Please restate word for word each line from the one containing "Pendelleuchte Apollo (Nickel)" to the last line of the records below, and drop the pictures.

(Recorded data)
════════
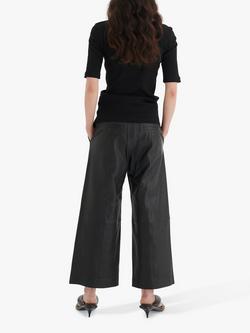 InWear Dagna V-Neck T-Shirt - view 2, Black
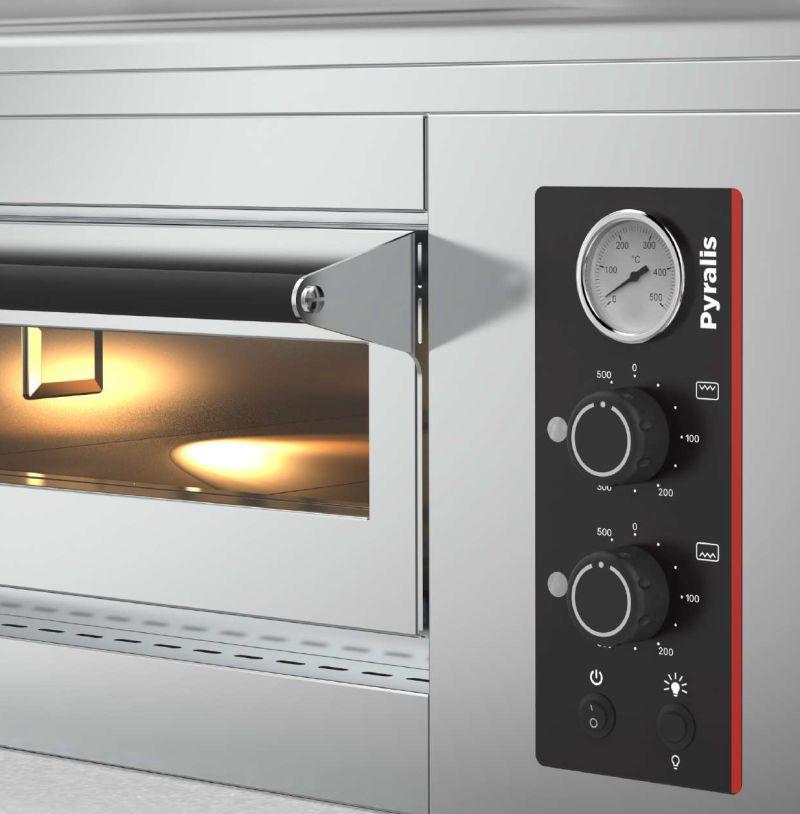 Pec na pizzu ACTIVESTONE PYRALIS M4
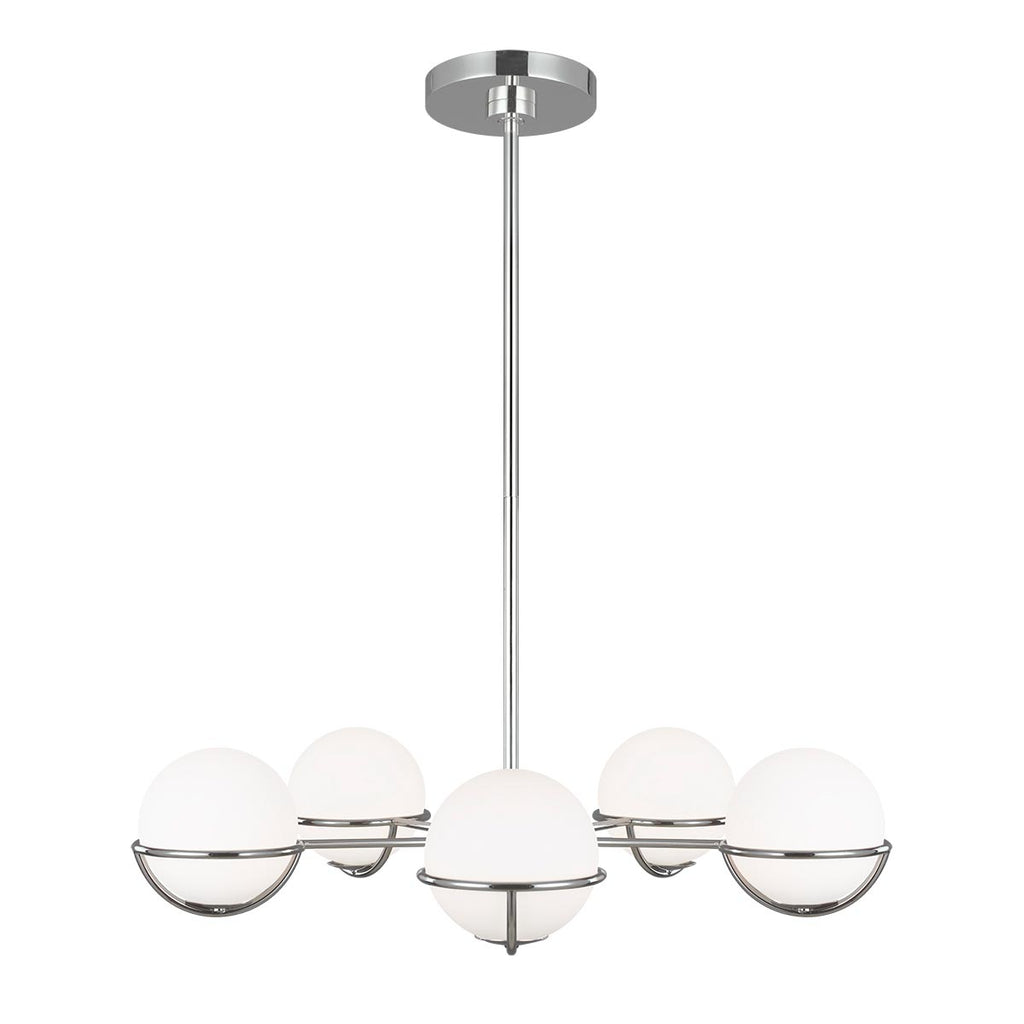 Pendelleuchte Apollo (Nickel) 5x - Elstead Lighting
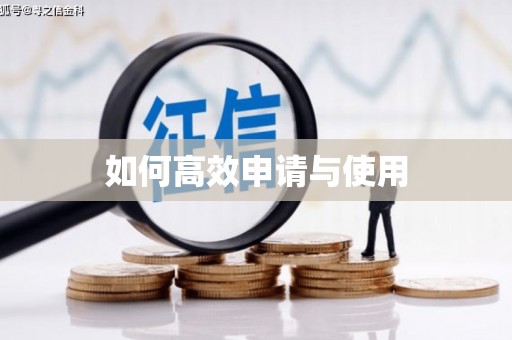 安定如何高效申请与使用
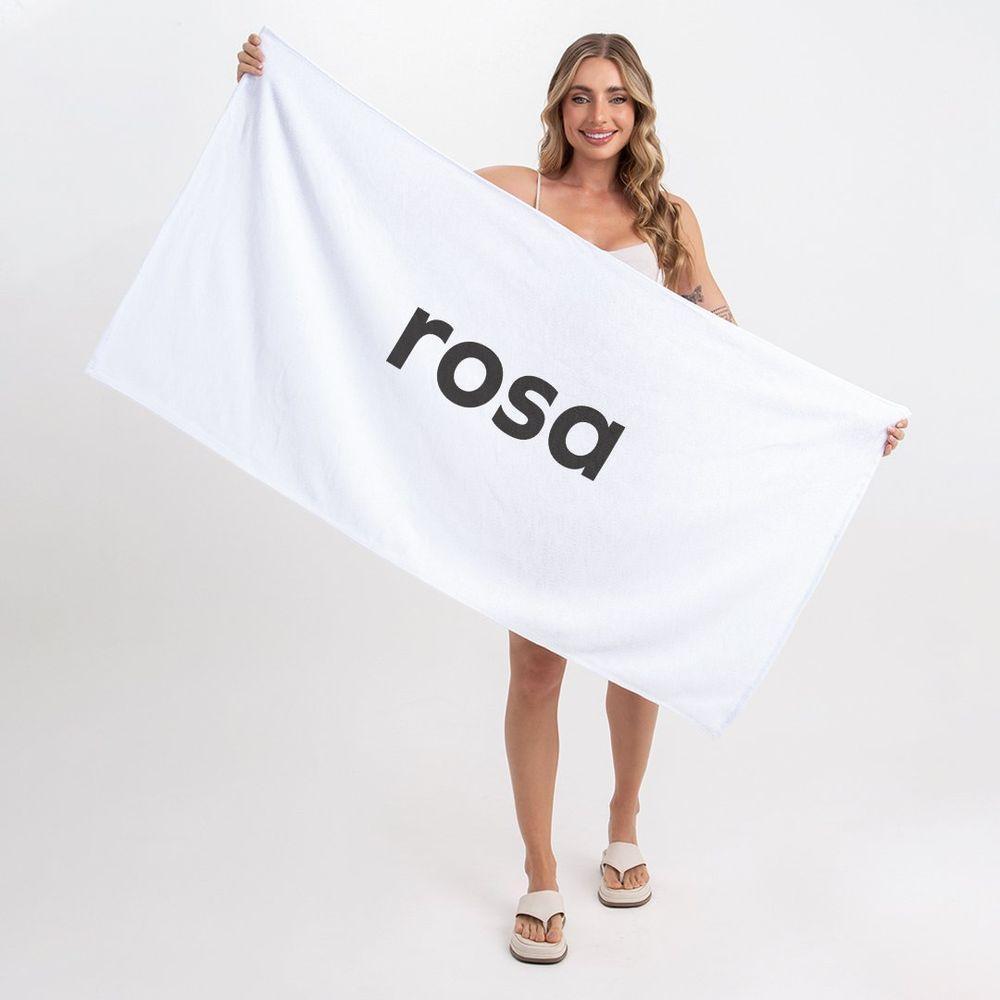 Toalha De Praia - Praia Do Rosa Branco - 2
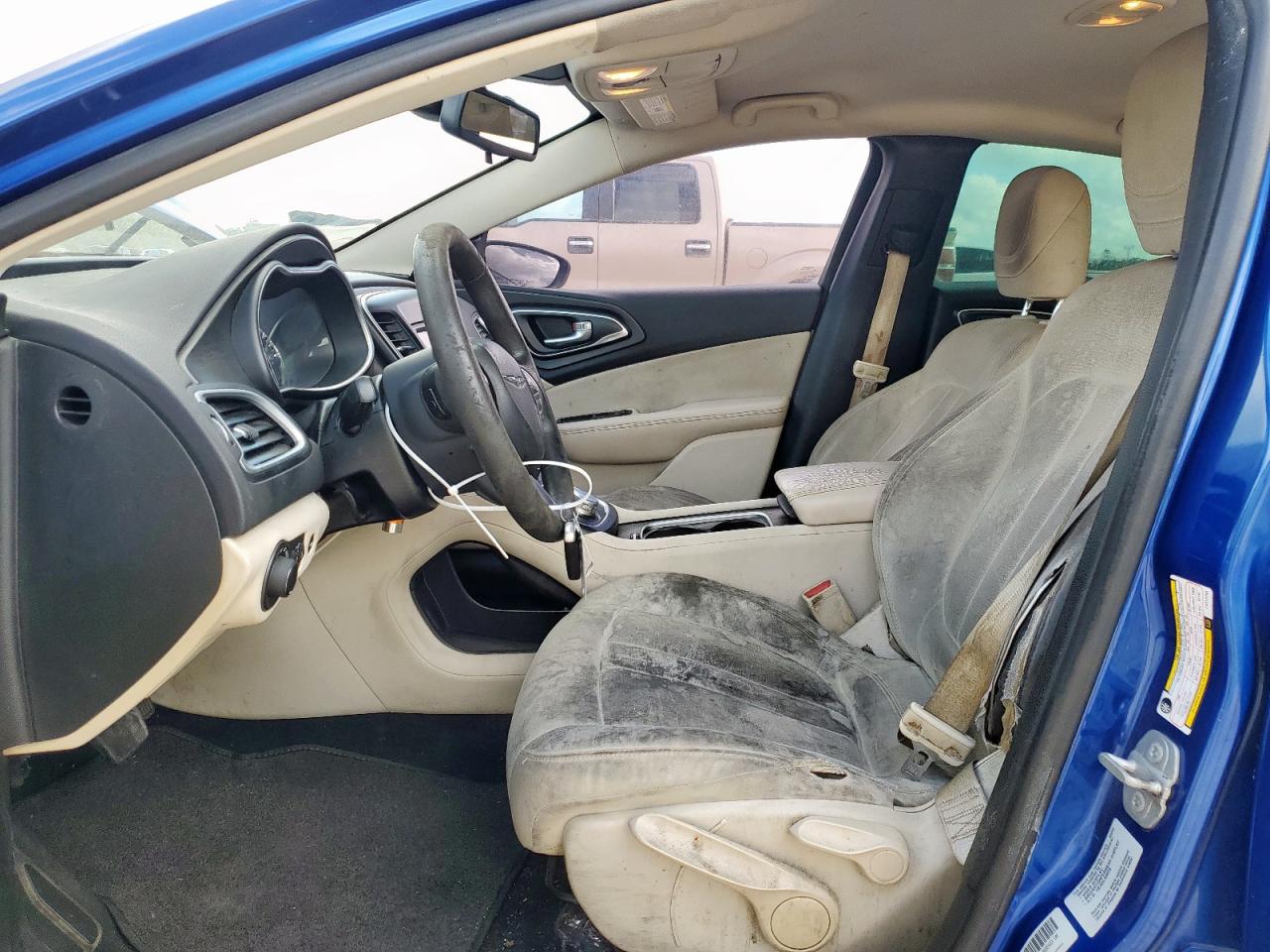 CHRYSLER 200 2015 VIN 1C3CCCAB8FN713153 zdjęcie 7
════════
> [Result of this task]
 Pendelleuchte Apollo (Nickel) 5x - Elstead Lighting
 安定如何高效申请与使用
 Toalha De Praia - Praia Do Rosa Branco - 2
 CHRYSLER 200 2015 VIN 1C3CCCAB8FN713153 zdjęcie 7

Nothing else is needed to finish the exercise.